Pada periode anggaran 2009, pemerintah Kota Bandung sudah menggelontorkan anggaran yang besar. Jumlahnya sekitar 47 persen dari total anggaran pendapatan APBD Kota Bandung. Sesuai dengan Rencana Pembangunan Jangka Menengah (RPJM), tahun ini banyak difokuskan pada perbaikan gedung dan fasilitas sekolah.
Sedangkan pada anggaran 2010, anggaran pendidikan dialokasikan untuk membangun sejumlah ruang kelas baru. Namun, pada kenyataannya masih banyak sekolah-sekolah yang mestinya direhab belum mendapatkan perhatian.
"Sekolah yang rusak karena gempa, seperti SMA 23 misalnya. Sampai sekarang belum ada perbaikan," Tedy mencontohkan.
Pada tahun 2010, dewan mentargetkan Dinas Pendidikan Kota Bandung bisa menambah jumlah sekolah gratis untuk tingkat SMA. Usulan tersebut sudah disepakati untuk menambah sebanyak 9 sekolah gratis. Saat ini sudah ada 50 SMA yang digratiskan. Maka, pada 2010 akan ada 59 SMA yang digratiskan.
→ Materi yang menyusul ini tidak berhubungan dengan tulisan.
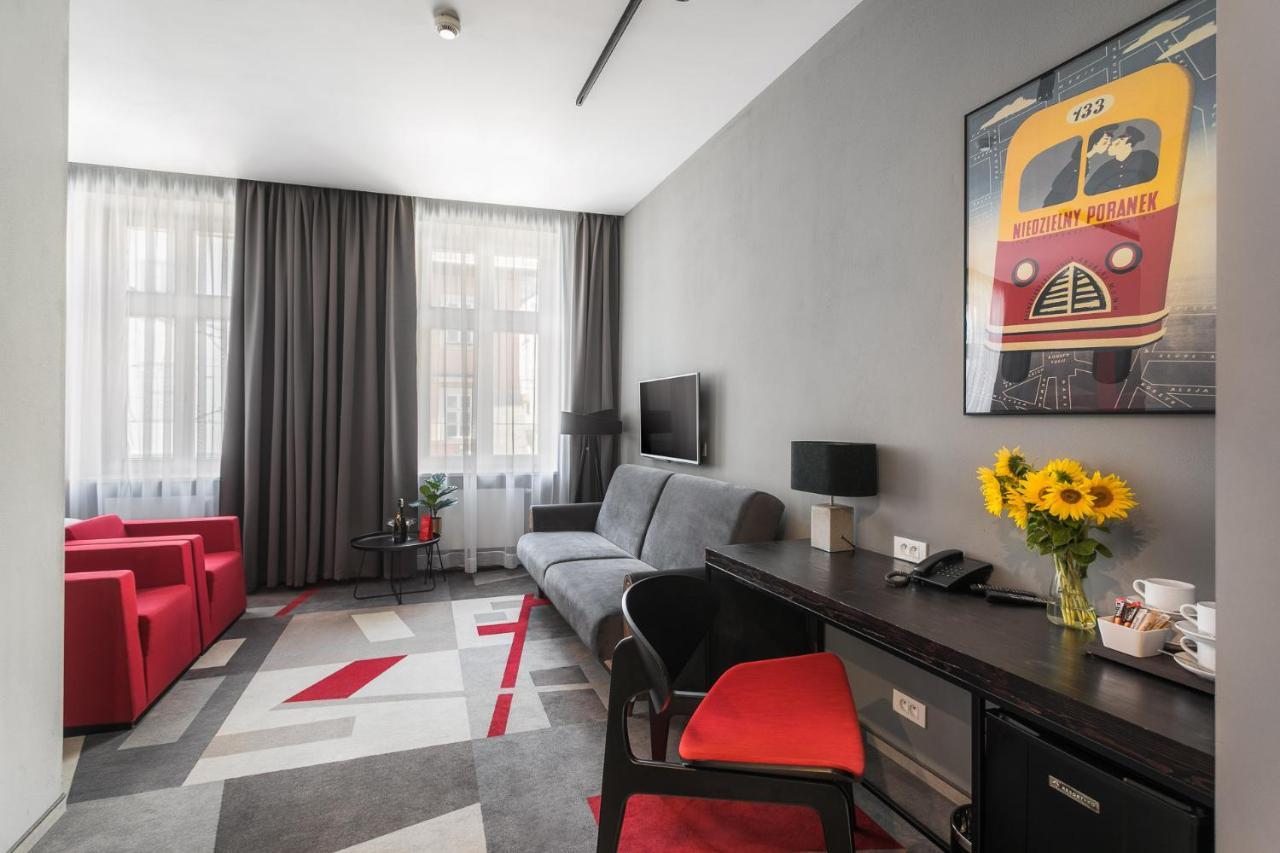Dada Premium Aparthotel Краков Экстерьер фото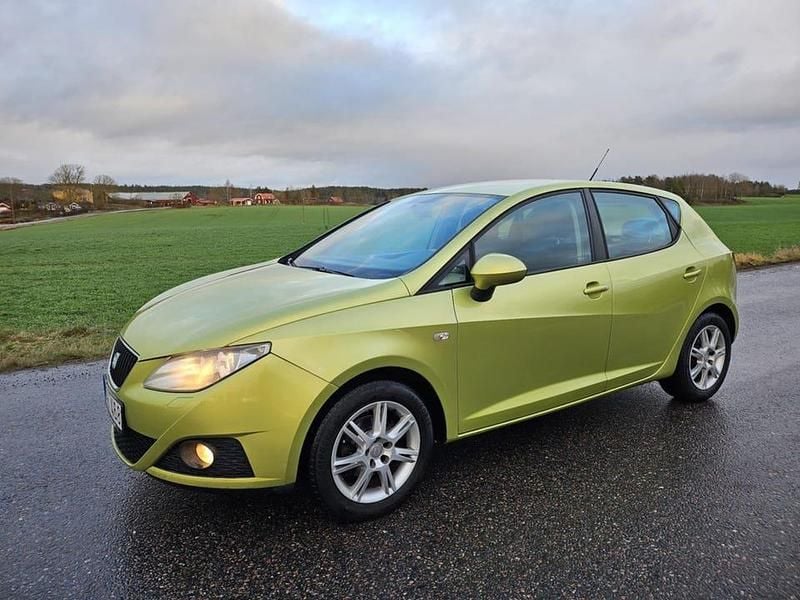 Begagnad 2010 Seat Ibiza Halvkombi | 24 000 kr (Marknadspris) - Bild 1/4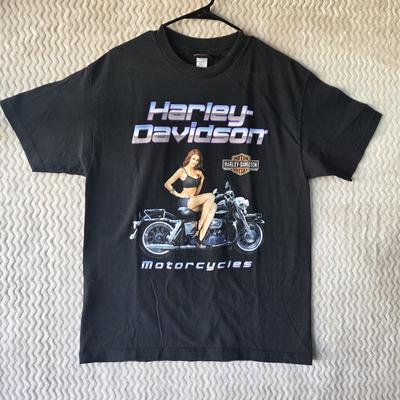 Üst giysisi – T-shirtler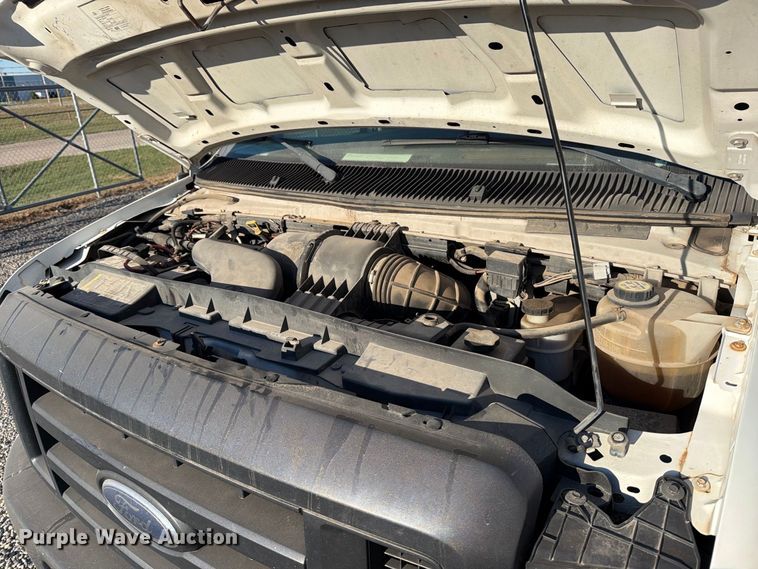 image for item EP7922 2008 Ford E250 van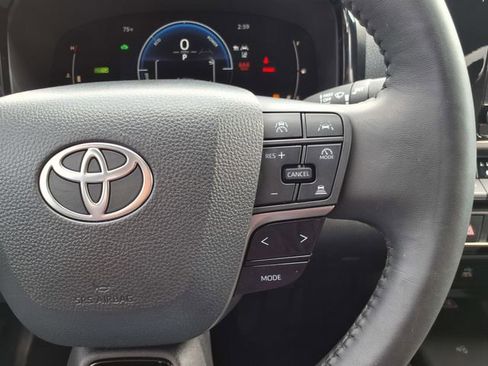 Used 2025 Toyota Camry LE w/ Convenience Package FWD image 24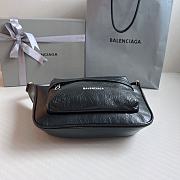 Balenciaga Raver Leather Tote Black Bag Size 24.5 x 22 x 7 cm - 3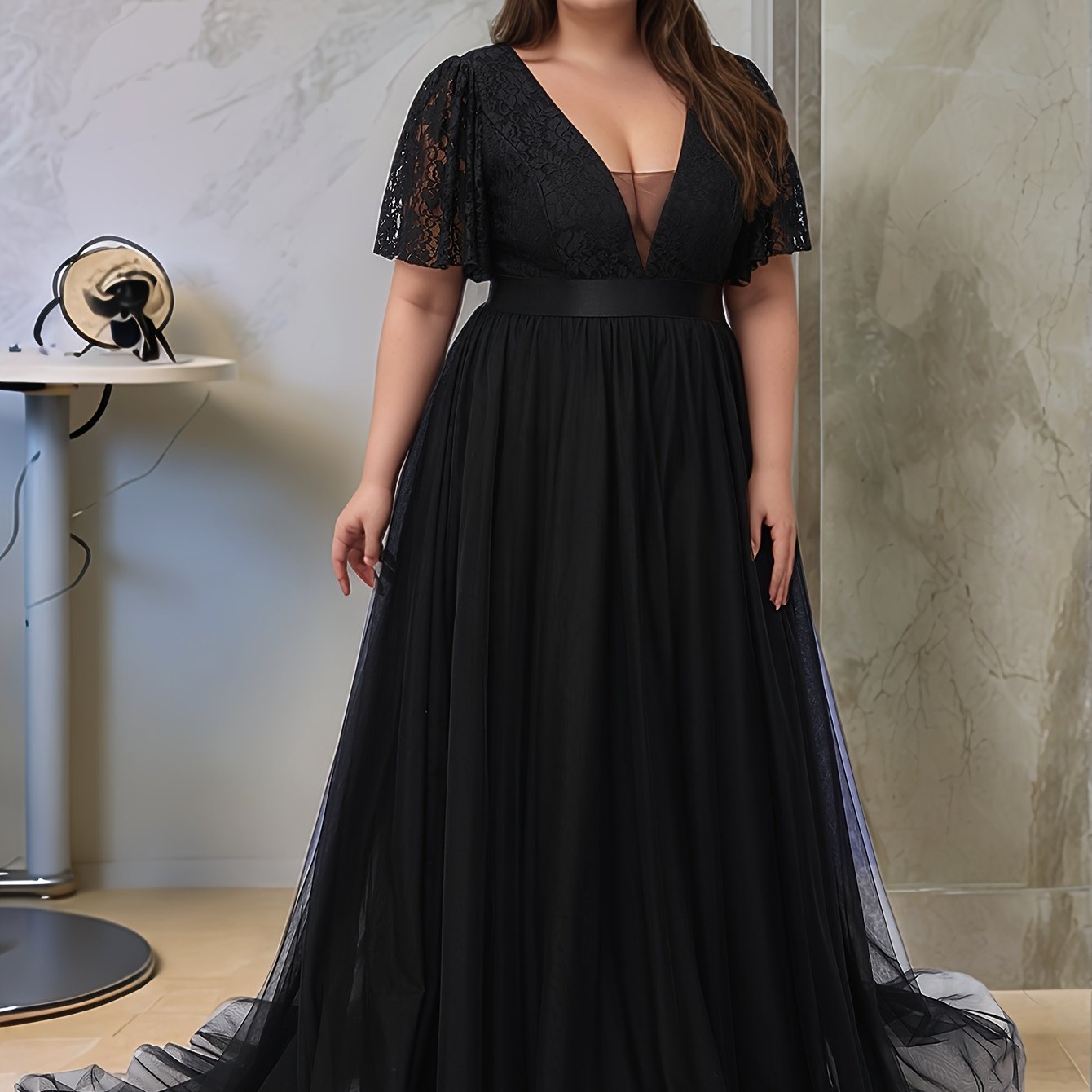 Plus Size Black V-Neck Maxi Dress with Short Sleeves and Lace for Formal Events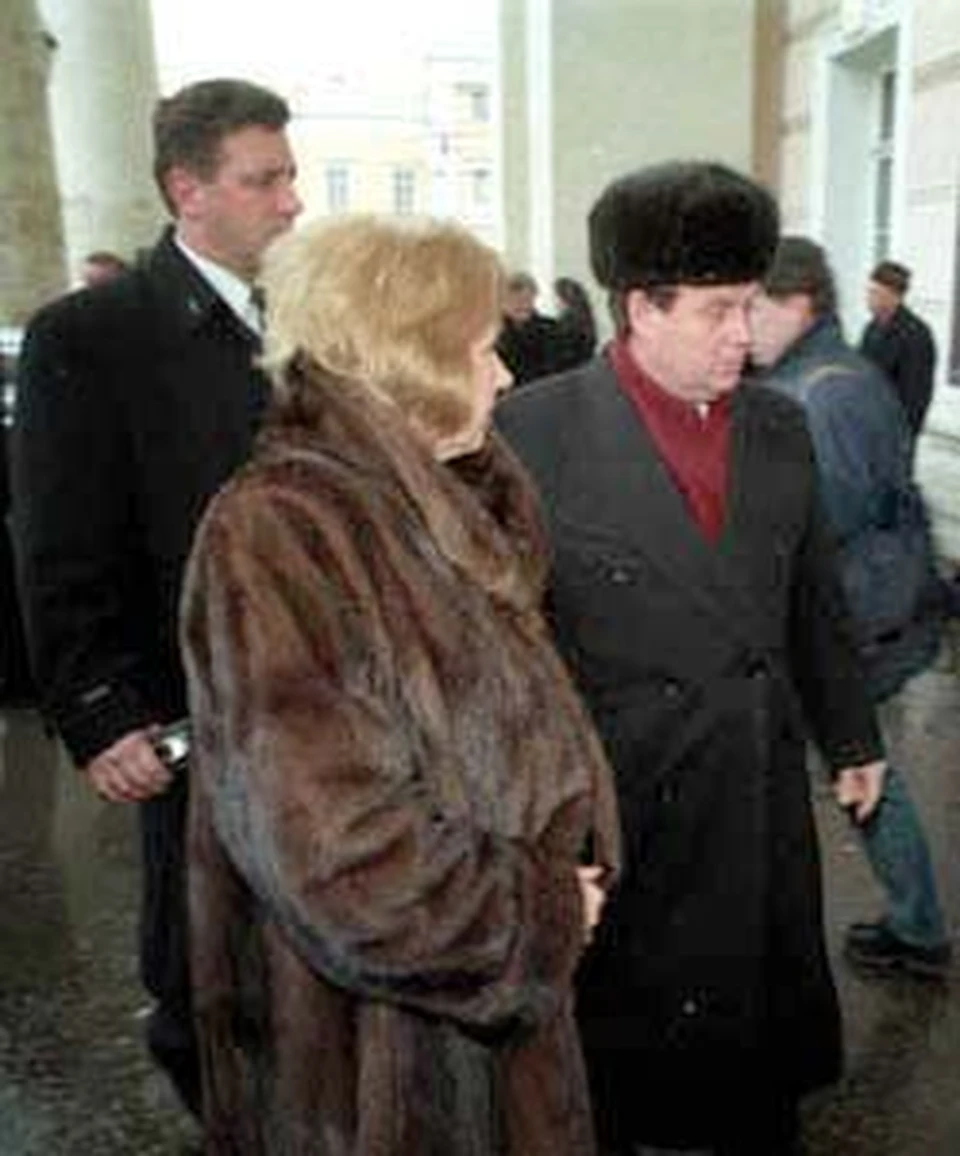 Окружающие всегда считали Ивана Петровича примерным семьянином.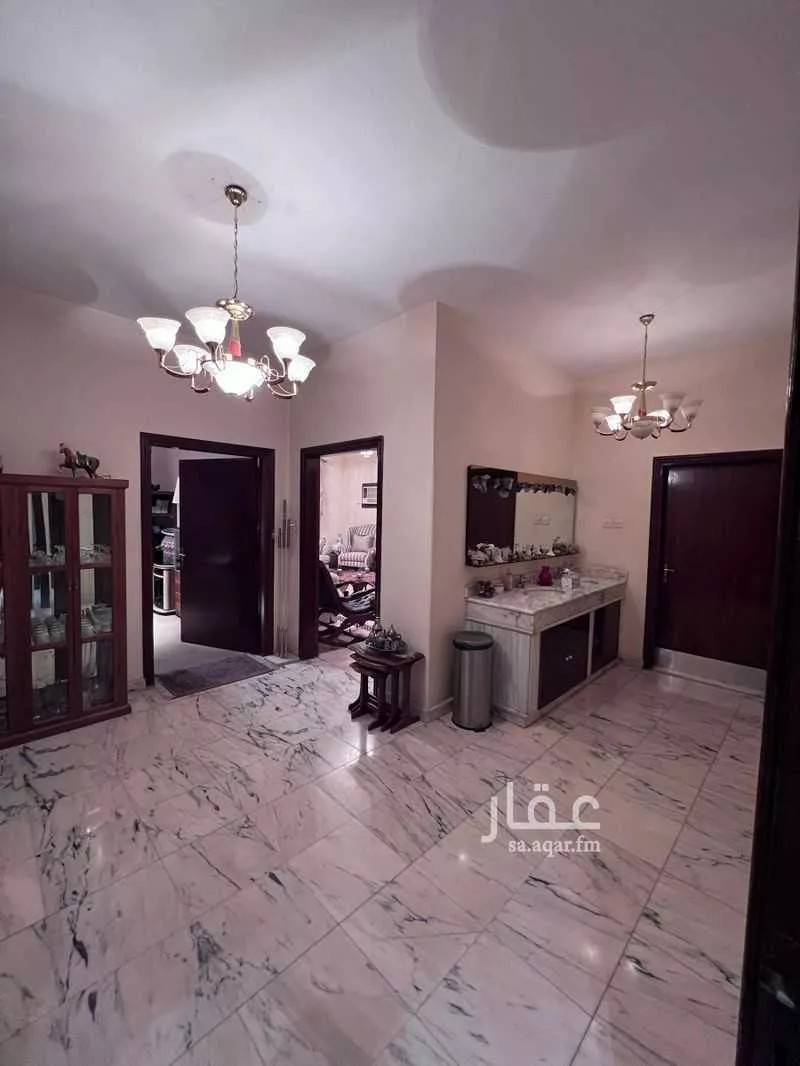 فيلا 7 غرف في الروضة 3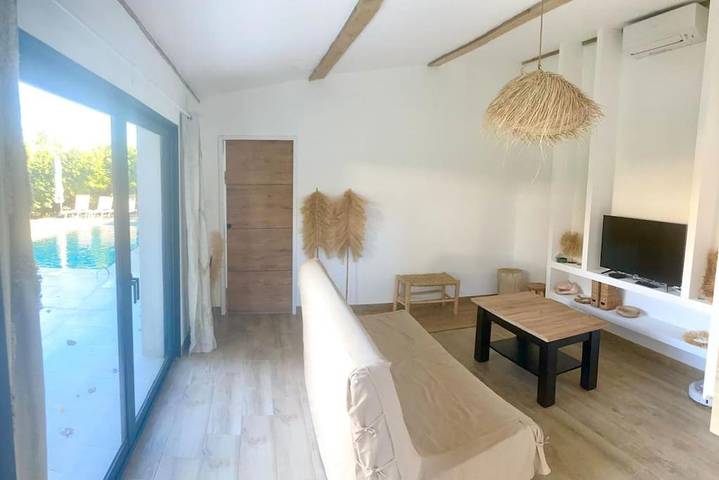 Villa pour 4 personnes, avec piscine ainsi que jardin et sauna à Aix-en-Provence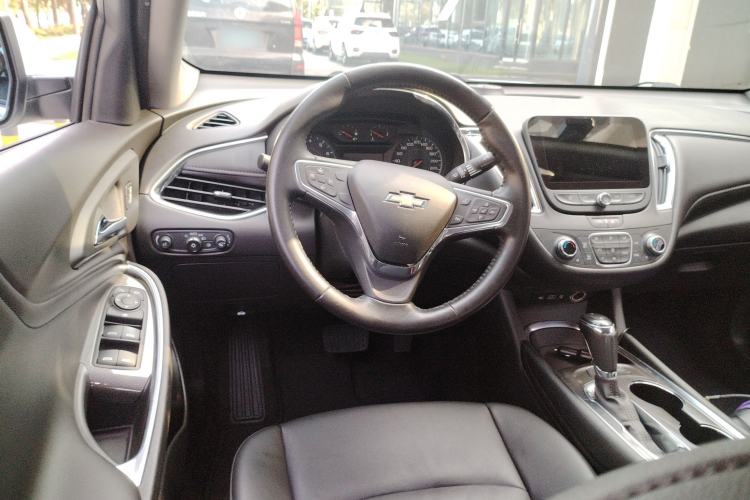 Used Chevrolet Malibu XL 2019 535T CVT Active Version Steering Wheel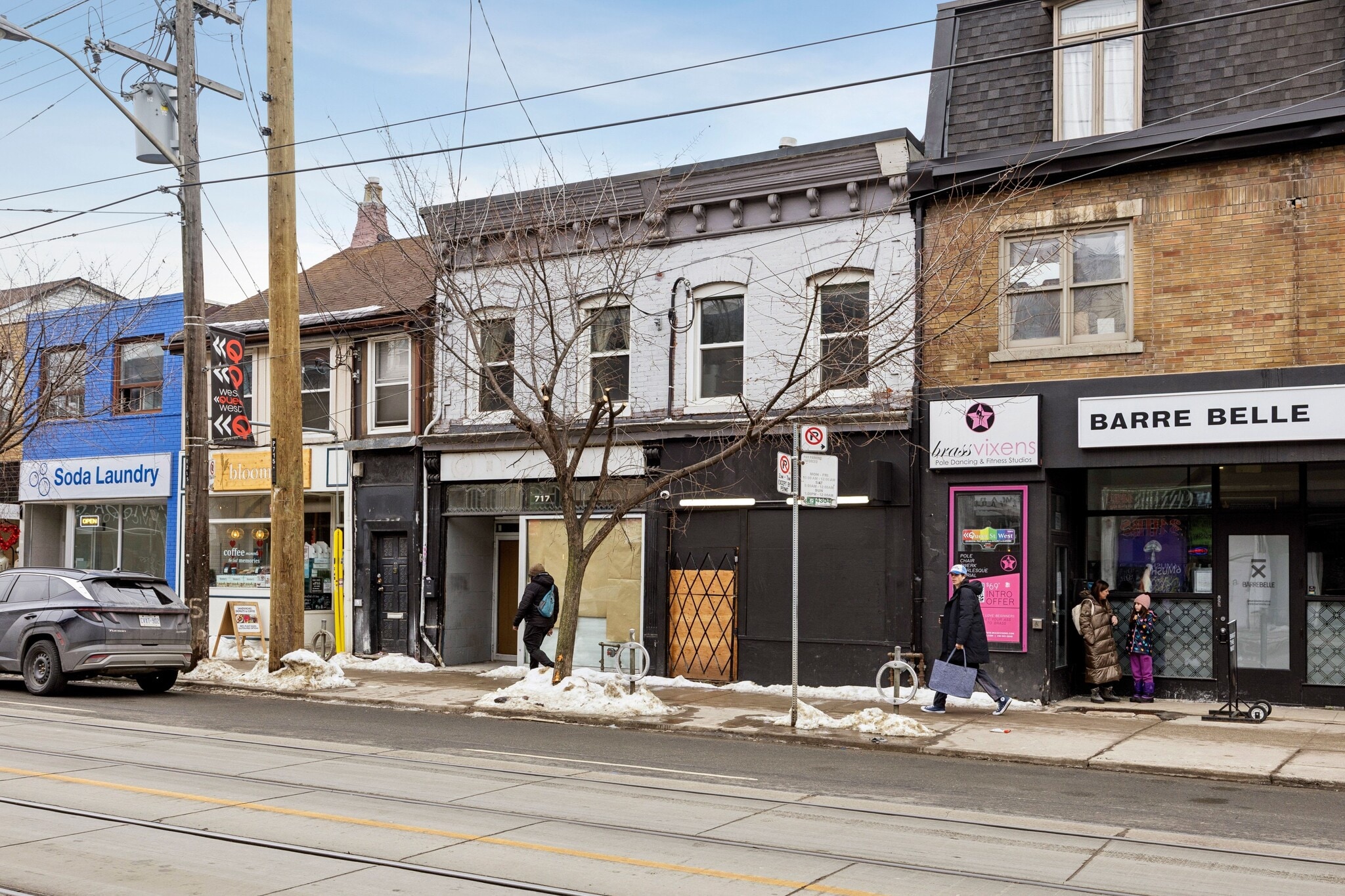 717-719 Queen St W, Toronto, ON à vendre Photo principale- Image 1 de 11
Dewan juga menyoroti tentang kinerja Dinas Pendidikan Kota Bandung. Dengan infrastruktur pendidikan yang jauh lebih memadai dibandingkan kota dan kabupaten lain di Jawa Barat, mestinya kualitas pendidikan di Kota Bandung jauh lebih baik. Namun, peringkat kelulusan berdasarkan nilai Ujinan Nasional (UN) masih dalam urutan ketiga.